> Material for the task
----------

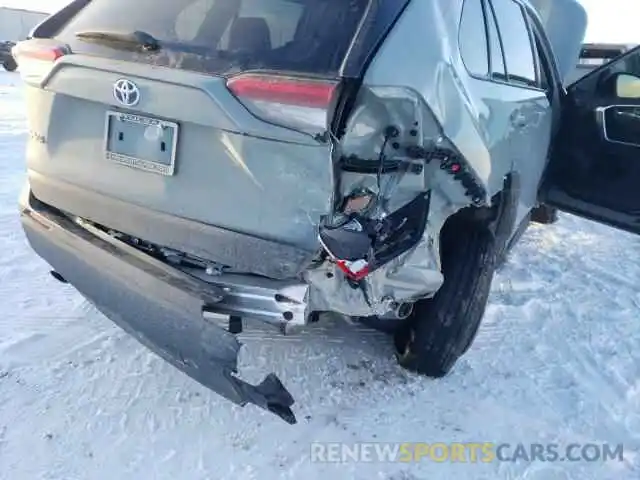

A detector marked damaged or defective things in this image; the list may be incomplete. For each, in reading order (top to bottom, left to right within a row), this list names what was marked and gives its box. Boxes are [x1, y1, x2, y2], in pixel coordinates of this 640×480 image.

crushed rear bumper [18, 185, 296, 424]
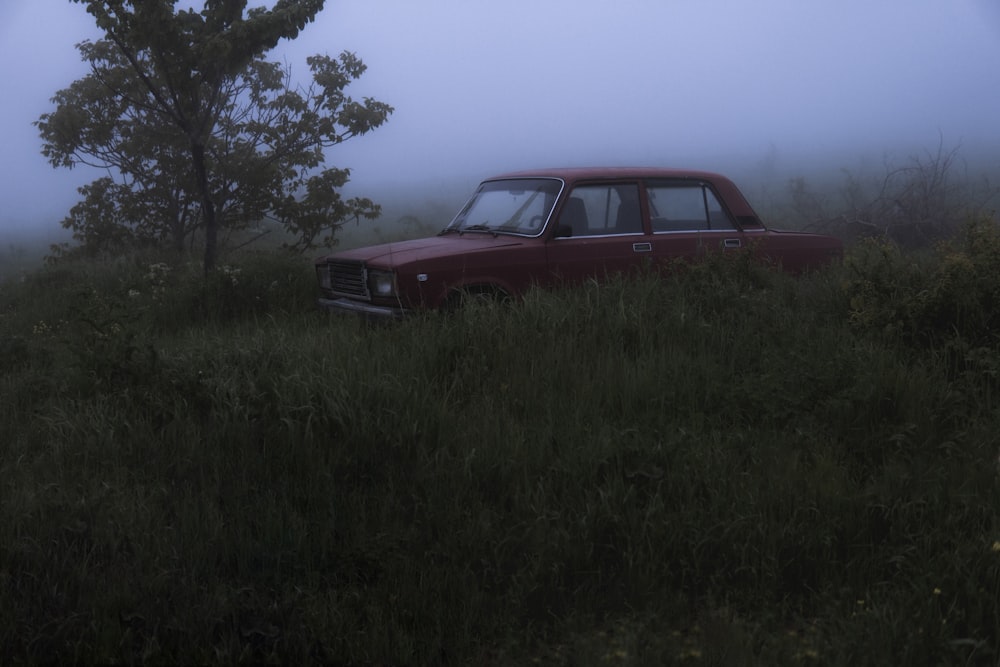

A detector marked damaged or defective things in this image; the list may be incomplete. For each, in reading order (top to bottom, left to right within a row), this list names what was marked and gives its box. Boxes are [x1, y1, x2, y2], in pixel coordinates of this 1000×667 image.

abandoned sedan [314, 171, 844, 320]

----------

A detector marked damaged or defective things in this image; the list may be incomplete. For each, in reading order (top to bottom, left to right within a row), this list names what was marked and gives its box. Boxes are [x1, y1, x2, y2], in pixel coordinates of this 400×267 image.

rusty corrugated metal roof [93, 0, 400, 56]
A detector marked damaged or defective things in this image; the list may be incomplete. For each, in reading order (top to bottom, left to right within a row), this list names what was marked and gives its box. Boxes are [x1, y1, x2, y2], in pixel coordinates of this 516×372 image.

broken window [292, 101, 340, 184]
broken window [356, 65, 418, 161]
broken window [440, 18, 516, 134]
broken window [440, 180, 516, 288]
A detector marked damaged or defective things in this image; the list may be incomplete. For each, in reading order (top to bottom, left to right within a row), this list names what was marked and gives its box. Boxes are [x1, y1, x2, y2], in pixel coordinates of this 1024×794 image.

----------

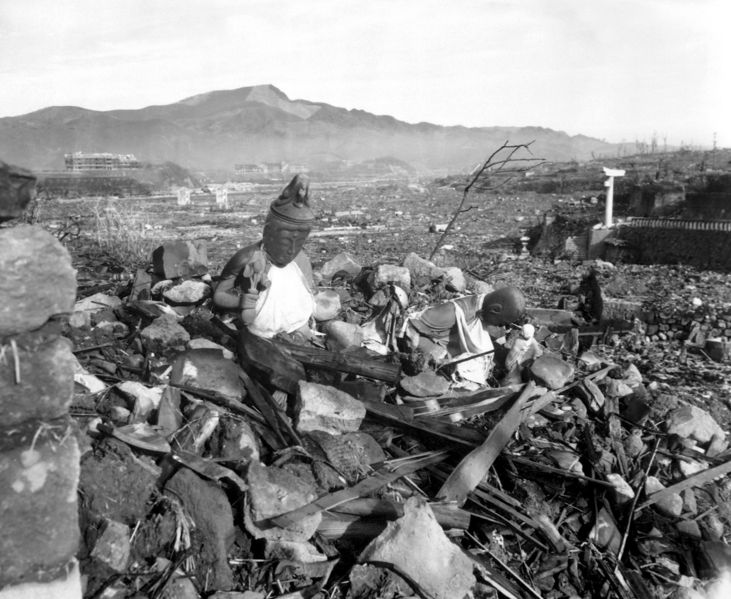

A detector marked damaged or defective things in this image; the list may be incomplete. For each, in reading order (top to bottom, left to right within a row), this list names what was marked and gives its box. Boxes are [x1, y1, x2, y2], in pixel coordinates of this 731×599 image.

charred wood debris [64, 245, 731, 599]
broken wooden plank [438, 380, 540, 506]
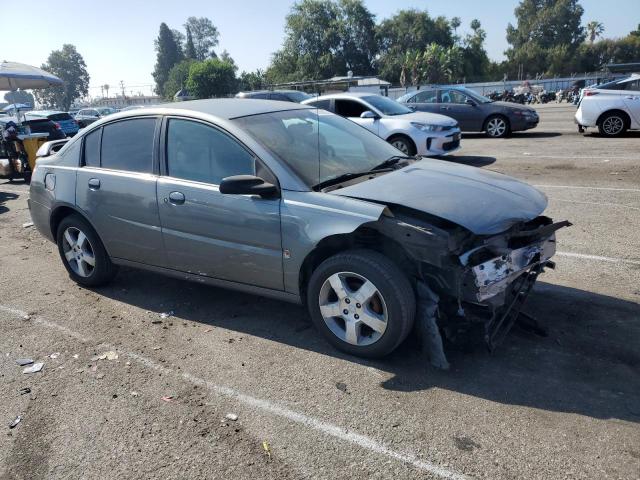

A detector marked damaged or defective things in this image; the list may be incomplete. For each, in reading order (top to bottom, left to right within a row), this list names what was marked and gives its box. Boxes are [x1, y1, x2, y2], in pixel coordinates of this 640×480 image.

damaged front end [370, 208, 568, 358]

----------

Using the entries shown above, reproduce verbatim the lines from the line bearing "this 516×372 image." to the line bearing "this 1024×794 image.", inclusive.

> Output
A detector marked damaged or defective things in this image; the list may be incomplete. For each, in reading order (top to bottom, left to right within a row), this list names what was marked and gives its box. Boxes are [x1, y1, x2, y2], in pixel coordinates of this 516×372 image.

broken window [292, 101, 340, 184]
broken window [356, 65, 418, 161]
broken window [440, 18, 516, 134]
broken window [440, 180, 516, 288]
A detector marked damaged or defective things in this image; the list may be incomplete. For each, in reading order (top to bottom, left to right within a row), this list names what was marked and gives its box. Boxes are [x1, y1, x2, y2], in pixel coordinates of this 1024×794 image.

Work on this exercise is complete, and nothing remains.